▶ **PROBLEM TO WORK ON**
From the line that holds "System w/ Recording" down to the last line of the listing below, reproduce each line exactly and nothing more, omitting pictures.

▶ **THE DATA**
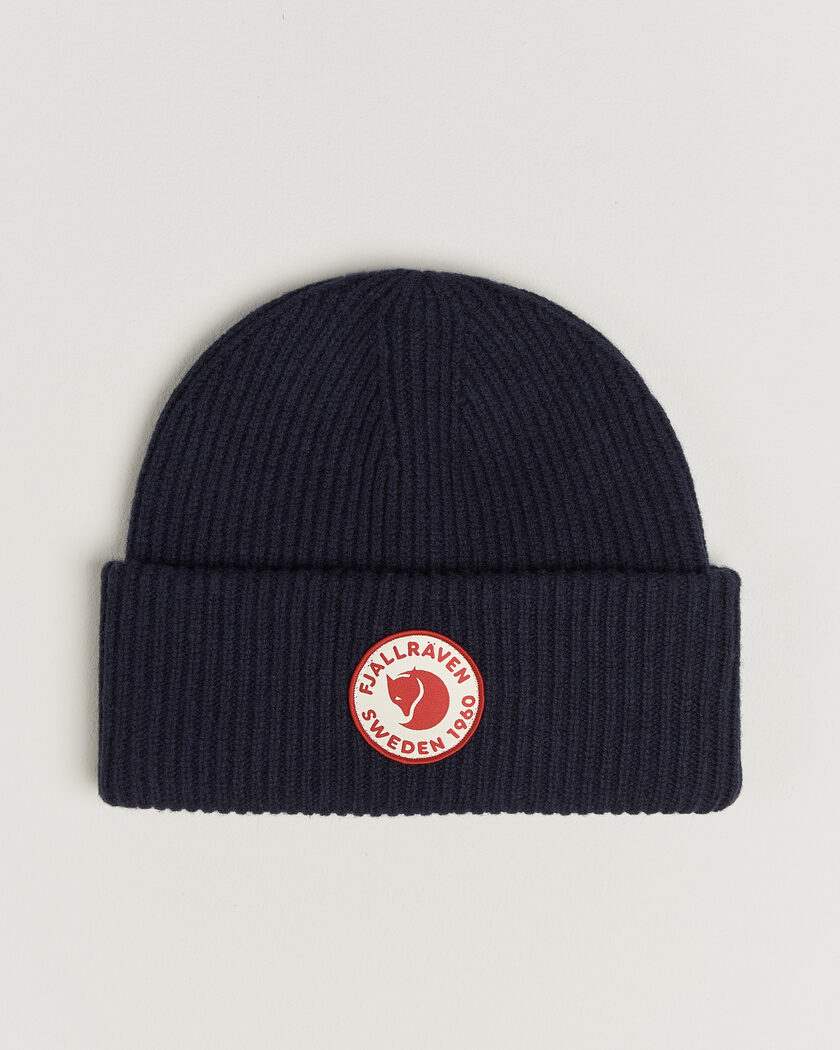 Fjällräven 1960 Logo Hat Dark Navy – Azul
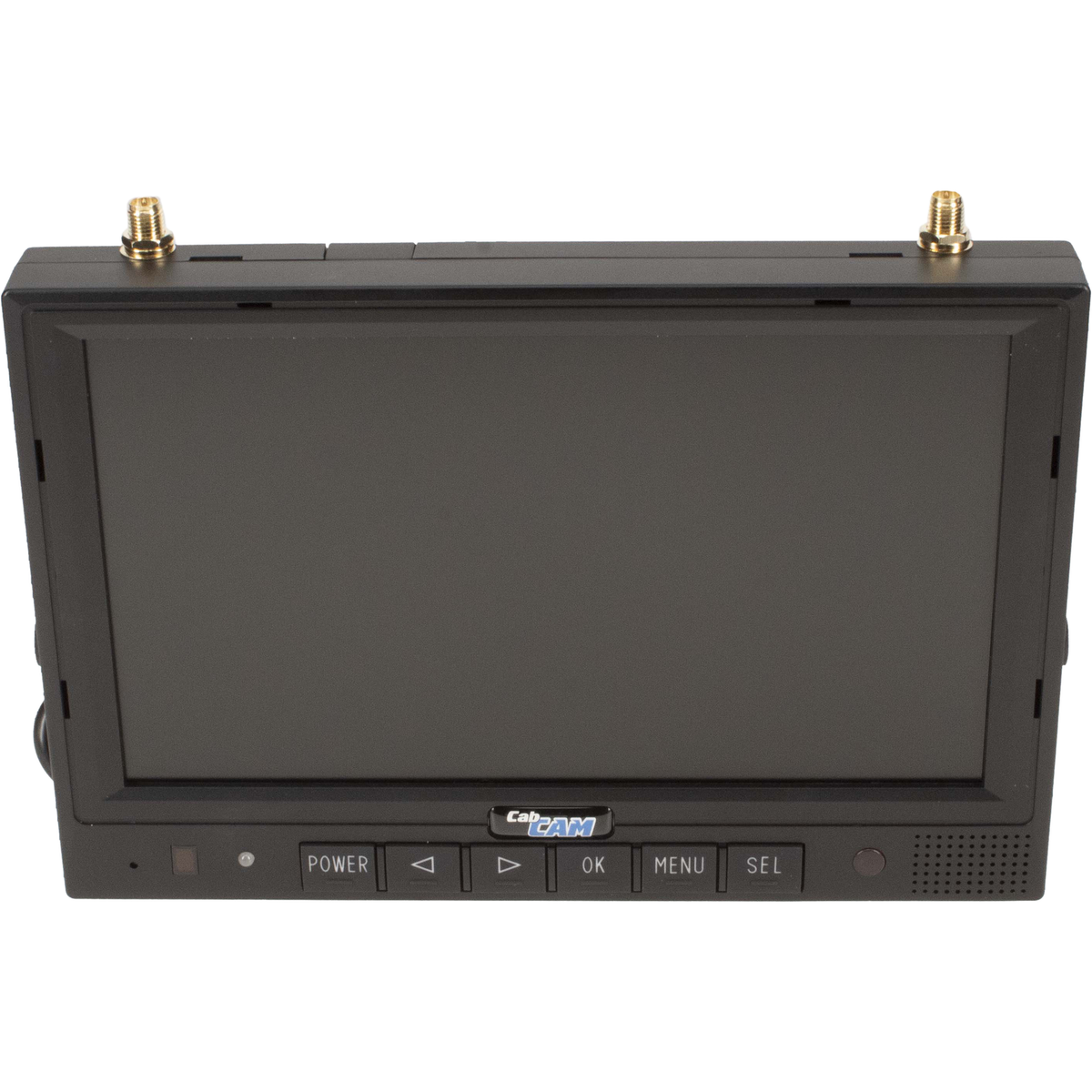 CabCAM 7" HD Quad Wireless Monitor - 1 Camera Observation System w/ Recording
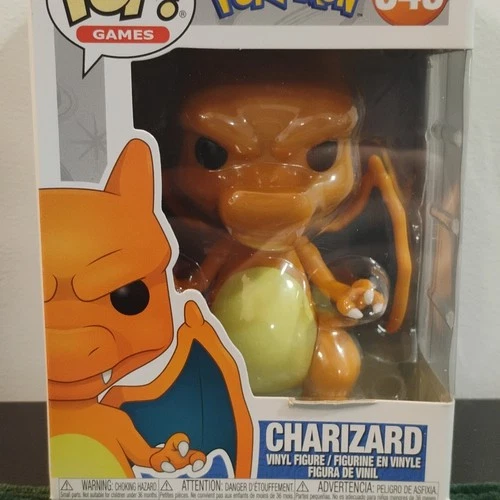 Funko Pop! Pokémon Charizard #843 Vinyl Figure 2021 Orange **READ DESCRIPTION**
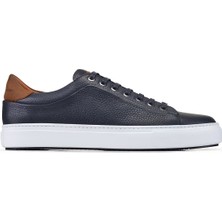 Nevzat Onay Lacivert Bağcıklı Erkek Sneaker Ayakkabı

▶ **YOUR RESPONSE**
 CabCAM 7" HD Quad Wireless Monitor - 1 Camera Observation System w/ Recording
 Funko Pop! Pokémon Charizard #843 Vinyl Figure 2021 Orange **READ DESCRIPTION**
 Nevzat Onay Lacivert Bağcıklı Erkek Sneaker Ayakkabı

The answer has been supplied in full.